The chimney is usually the last to get finished...
This is an energy saving installation as it cuts the heat load tremendously and is covered by a 30% tax credit this year. A very good investment at about 3 dollars a square foot for labor and 10 dollars a square foot for materials.
Posted by Picasa

Monday, March 9, 2009

Zero Energy by global homes design

The Spiral Rancher. Here is a Fly by of a house we designed last year as a passive solar, wood heated, solar chimney cooled, wind powered house on the top of a bluff overlooking Perry Lake in Northeast Kansas.
And a house for an urban infill lot on a corner in an undesirable area of town to screen off the neighbors and create a tranquil space in a city setting. We call this one The Fence House, and it is passive and active solar, and produces enough electricity to be zero energy, has radiant floors, a loft space for kids, and a car/bike port for a quick ride to the center. It was designed for a lot at 12th and Haskell in Lawrence Ks.

Posted by Picasa

Monday, March 2, 2009

Use for surplus equipment in Iraq

I heard the story on NPR today about all the surplus equipment and supplies, including tons of concrete barriers that will be left behind as we start to withdraw troops. One Idea I had was to use the concrete barriers as foundations for houses to leave the Iraqis, instead of a mountain of trash.
The standard road barrier is an excellent foundation block, and shipping containers can be used as houses with just a few modifications.
Turning lemons into lemonade!
I don't know the soil conditions there, but it seems if they have a compaction of 2000 lbs/ft, it would work. The other thing there should be a surplus of is shipping containers. Old humvees, and suburbans should be plentiful as well, and those could be turned into solar panels, or compact living arrangements if cut and welded together.
Excuse me I digress. It is typical of people to want to waste if they have the chance. The thing I don't understand about my Latino workers is that they love to waste materials, money on lunch, cokes and cars, clothes etc. It must be the new found status in not being forced into conservation.
It is the good life, and therefor I don't care, because I can afford it. This is the mindset we have to change. For example what if we were to convince all the new wealthy folks that it was pulling down their status to be wasteful. It is expensive to be poor. The longer a family has money, it seems, the less important it is to show it. Old Money contra New money.
Hmm, how do we do it?
Having stuff weighs you down, makes you less able to adapt. If you need something- rent it, and let someone else have the headache of storing, maintaining, and selling it later for less than paid.
Shipping containers must be the perfect form of housing. If we want to move, we just pack everything inside, send it off, unpack it and move in.

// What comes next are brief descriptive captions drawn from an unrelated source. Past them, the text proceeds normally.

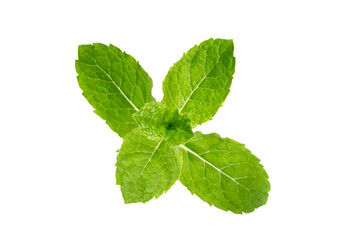 Mint garden, cooking herb Isolated against a white background.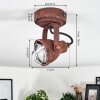Drobak Plafondlamp Roest, Zwart, 1-licht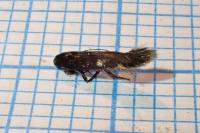 Oxypteryx immaculatella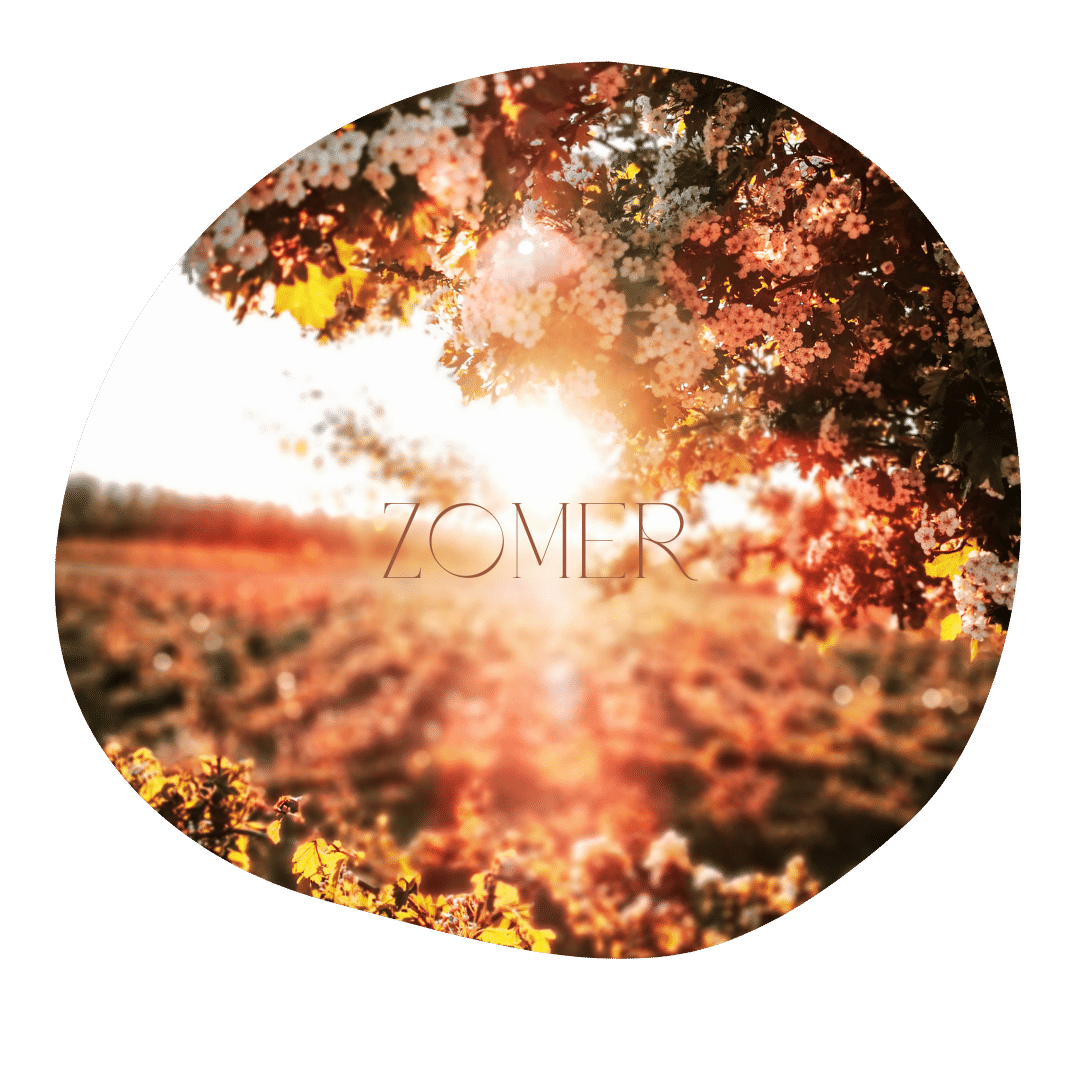 FYL - zomer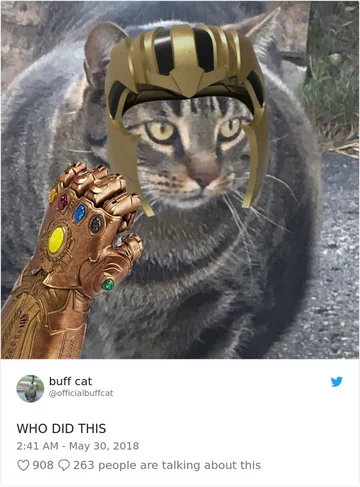 Buff cat jako Thanos z Avengersów 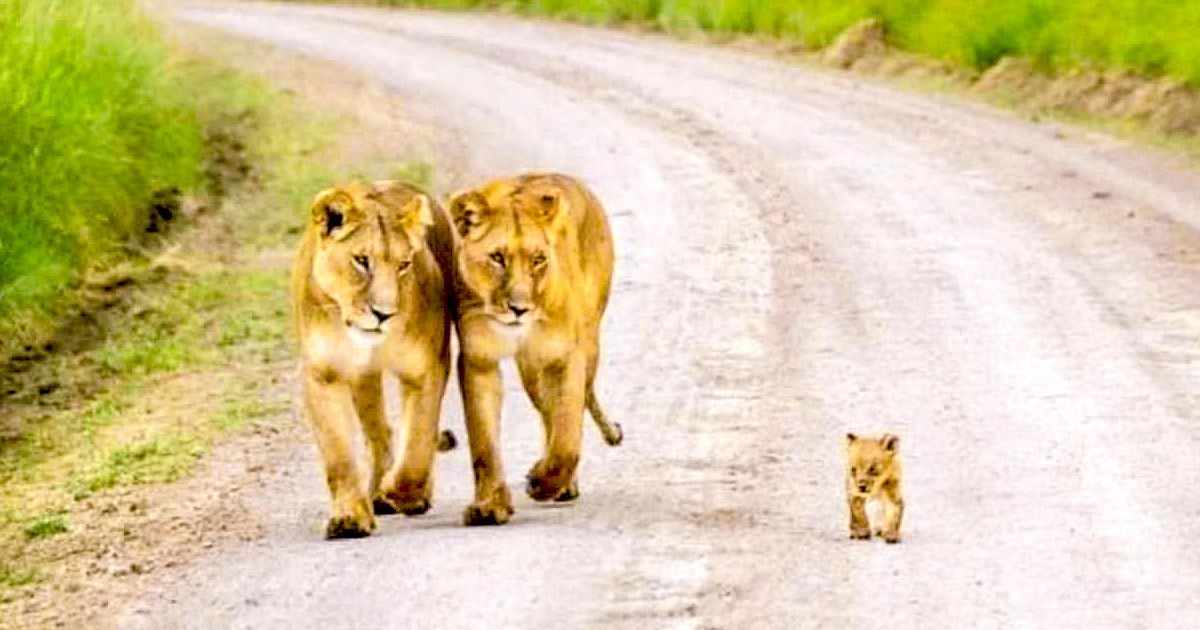 People Share Photos That Will Kill Even the Toughest Ones With Their Cuteness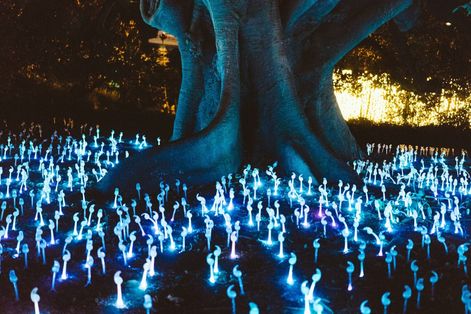THE TRANSFORMATIVE POWER OF IMMERSIVE SENSORY EXPERIENCES
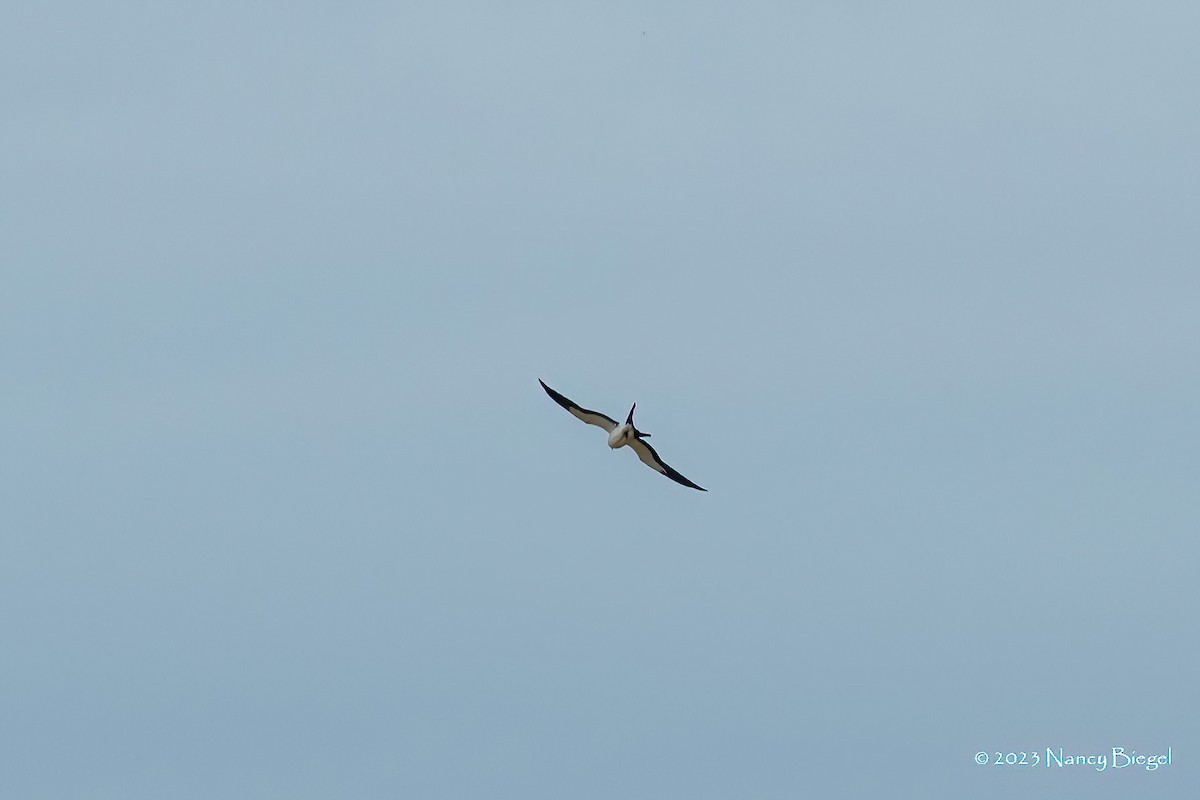 Swallow-tailed Kite - ML615445057
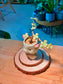 Variegated Elephant Bush (Succulent) in Cute Ceramic Deer Pot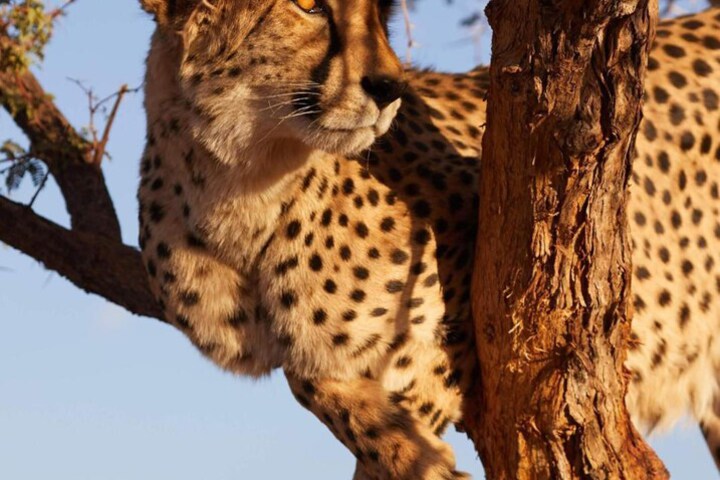 Game viewing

Just like the push button house: http://www.architectureandhygiene.com/PBHouse/PBH.html actually it was Donald Duck that popularized the push button house when he was camping with Pluto.
Her are the plans for a 750 Sf house that we are building in Kansas, that has been modified to meet the climate in the desert.
It would be made of insulated containers with a insulated concrete cap poured on top to help hold then down and keep some thermal mass between you and the sun.
This should cost aroung 10,000 to put up and anothe r10,000 to finish. Not bad for 750 SF. In case you were wondering.
anyway I'm turning into a pumpkin, so we'll keep you posted another day.